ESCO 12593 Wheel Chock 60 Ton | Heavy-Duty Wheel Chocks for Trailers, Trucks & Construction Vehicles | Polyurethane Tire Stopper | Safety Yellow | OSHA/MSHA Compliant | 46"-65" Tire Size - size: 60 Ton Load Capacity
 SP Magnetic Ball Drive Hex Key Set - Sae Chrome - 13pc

○ ○ ○ ○ ○ ○ ○

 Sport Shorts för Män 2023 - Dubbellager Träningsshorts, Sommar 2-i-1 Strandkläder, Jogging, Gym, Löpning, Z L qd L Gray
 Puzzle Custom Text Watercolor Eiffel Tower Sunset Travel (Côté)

○ ○ ○ ○ ○ ○ ○

• [Action item] Begin at the line above that has "Sport Shorts för" and stop after the line that has "Puzzle Custom Text", copying each line exactly and adding nothing else.

• [Exercise solution]
 Sport Shorts för Män 2023 - Dubbellager Träningsshorts, Sommar 2-i-1 Strandkläder, Jogging, Gym, Löpning, Z L qd L Gray
 Puzzle Custom Text Watercolor Eiffel Tower Sunset Travel (Côté)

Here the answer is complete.